The court must rule on a motion under Section 27.003 not later than the 30th day following the date the hearing on the motion concludes.
Id. § 27.005(a). If the court does not rule within thirty days of the hearing, “the motion is considered to have been denied by operation of law and the moving party may appeal.” Id. § 27.008(a). We have described this procedure generally as a “special motion for ․ expedited consideration.” In re Lipsky, 460 S.W.3d 579, 584 (Tex. 2015).5
This Court recently held that the expiration of the deadline for a trial court to rule on a TCPA motion does not extinguish the court's plenary power to later reconsider that ruling. In In re Panchakarla, the trial court granted a TCPA motion within the thirty-day period following the hearing, dismissing the plaintiff's claims. 602 S.W.3d 536, 538 (Tex. 2020).
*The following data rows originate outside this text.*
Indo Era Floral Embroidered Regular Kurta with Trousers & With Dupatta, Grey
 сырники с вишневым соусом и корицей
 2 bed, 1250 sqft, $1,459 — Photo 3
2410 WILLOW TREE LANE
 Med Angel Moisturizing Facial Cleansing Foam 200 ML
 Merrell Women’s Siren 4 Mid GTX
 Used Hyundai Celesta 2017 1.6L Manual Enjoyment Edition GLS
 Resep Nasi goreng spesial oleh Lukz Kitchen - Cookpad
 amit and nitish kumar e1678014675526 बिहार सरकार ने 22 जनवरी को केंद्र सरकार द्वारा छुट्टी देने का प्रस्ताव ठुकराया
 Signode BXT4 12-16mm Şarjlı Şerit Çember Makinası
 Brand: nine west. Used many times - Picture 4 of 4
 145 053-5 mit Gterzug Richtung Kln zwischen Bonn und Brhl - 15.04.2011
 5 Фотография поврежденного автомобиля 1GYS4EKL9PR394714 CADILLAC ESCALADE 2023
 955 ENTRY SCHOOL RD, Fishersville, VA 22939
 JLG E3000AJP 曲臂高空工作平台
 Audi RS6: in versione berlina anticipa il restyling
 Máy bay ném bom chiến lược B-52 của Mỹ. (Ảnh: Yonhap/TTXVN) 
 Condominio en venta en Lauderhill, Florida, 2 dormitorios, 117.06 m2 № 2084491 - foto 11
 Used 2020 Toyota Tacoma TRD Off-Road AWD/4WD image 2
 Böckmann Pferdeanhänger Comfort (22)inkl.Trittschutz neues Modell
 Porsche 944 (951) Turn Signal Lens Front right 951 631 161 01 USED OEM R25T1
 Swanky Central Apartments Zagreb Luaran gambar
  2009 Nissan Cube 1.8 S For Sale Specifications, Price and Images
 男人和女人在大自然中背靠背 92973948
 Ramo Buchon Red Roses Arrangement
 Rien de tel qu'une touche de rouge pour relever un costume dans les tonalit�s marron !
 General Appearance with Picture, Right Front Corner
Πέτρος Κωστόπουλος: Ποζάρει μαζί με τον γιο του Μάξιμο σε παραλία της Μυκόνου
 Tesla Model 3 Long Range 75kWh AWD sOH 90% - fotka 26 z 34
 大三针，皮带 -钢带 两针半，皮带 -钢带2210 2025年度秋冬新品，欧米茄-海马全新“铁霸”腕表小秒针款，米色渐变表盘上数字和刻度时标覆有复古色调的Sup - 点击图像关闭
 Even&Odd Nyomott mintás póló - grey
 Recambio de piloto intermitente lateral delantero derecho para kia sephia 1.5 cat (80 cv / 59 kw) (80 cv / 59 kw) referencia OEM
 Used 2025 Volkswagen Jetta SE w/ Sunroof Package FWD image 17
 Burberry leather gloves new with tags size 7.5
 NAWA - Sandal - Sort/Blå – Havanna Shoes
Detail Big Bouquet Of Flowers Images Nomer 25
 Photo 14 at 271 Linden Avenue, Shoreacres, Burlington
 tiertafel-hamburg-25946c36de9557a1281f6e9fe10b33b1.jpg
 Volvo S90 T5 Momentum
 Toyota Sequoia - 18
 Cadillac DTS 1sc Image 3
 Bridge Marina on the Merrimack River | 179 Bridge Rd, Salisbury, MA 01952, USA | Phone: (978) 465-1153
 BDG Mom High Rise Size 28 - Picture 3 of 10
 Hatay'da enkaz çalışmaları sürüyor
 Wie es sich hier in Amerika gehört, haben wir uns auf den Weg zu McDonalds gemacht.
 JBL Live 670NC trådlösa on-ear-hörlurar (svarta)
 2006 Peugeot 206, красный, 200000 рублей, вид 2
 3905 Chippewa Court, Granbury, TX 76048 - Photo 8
The plaintiff filed a motion for reconsideration and new trial, which the court granted over two months later, vacating its initial order and denying the TCPA motion. Id. at 538–39. We held that the trial court did not abuse its discretion in vacating its order granting the TCPA motion. Id. at 541. We noted that “the TCPA is silent about a trial court's authority to reconsider either a timely issued ruling granting a TCPA motion to dismiss or a timely order denying such a motion when no interlocutory appeal is pending.” Id. at 540. And we observed that this Court has “long recognized that trial courts retain plenary power over their judgments until they become final.” Id. at 539. As a general matter, a trial court also “retains continuing control over interlocutory orders and has the power to set those orders aside any time before a final judgment is [rendered].” Id. at 539–40 (alteration in original) (quoting Fruehauf Corp. v. Carrillo, 848 S.W.2d 83, 84 (Tex. 1993)). We thus concluded that “nothing in the statutory scheme [of the TCPA] prohibits trial courts from vacating their own orders when they otherwise have plenary power to do so.” Id. at 541.
Consistent with Panchakarla, we conclude that the court of appeals erred by declaring void the trial court's order granting Sabrepoint's TCPA motion to dismiss. The trial court's ruling on Sabrepoint's TCPA motion came only five days after the expiration of Section 27.005(a)’s deadline to rule. At that time, no final judgment was in place, and Sabrepoint had not appealed. As we recognized in Panchakarla, under those circumstances, nothing in the TCPA extinguished the trial court's plenary power to reconsider the TCPA motion's merits. Id.
Sabrepoint does not challenge Panchakarla’s holding; instead, it argues that Panchakarla is distinguishable because it involved reconsideration of an order that timely granted a TCPA motion. We are not persuaded. We see no reason to apply a different rule simply because the initial order in Panchakarla was one the trial court expressly made as opposed to one made by operation of law. Cf. Tex. R. Civ. P. 329b(e) (providing that trial courts have plenary power to grant a new trial for thirty days after a motion for new trial has been denied “either by a written and signed order or by operation of law”). Nor does it matter that, on reconsideration, the trial court in Panchakarla denied the motion, whereas the trial court in this case reconsidered and granted the motion.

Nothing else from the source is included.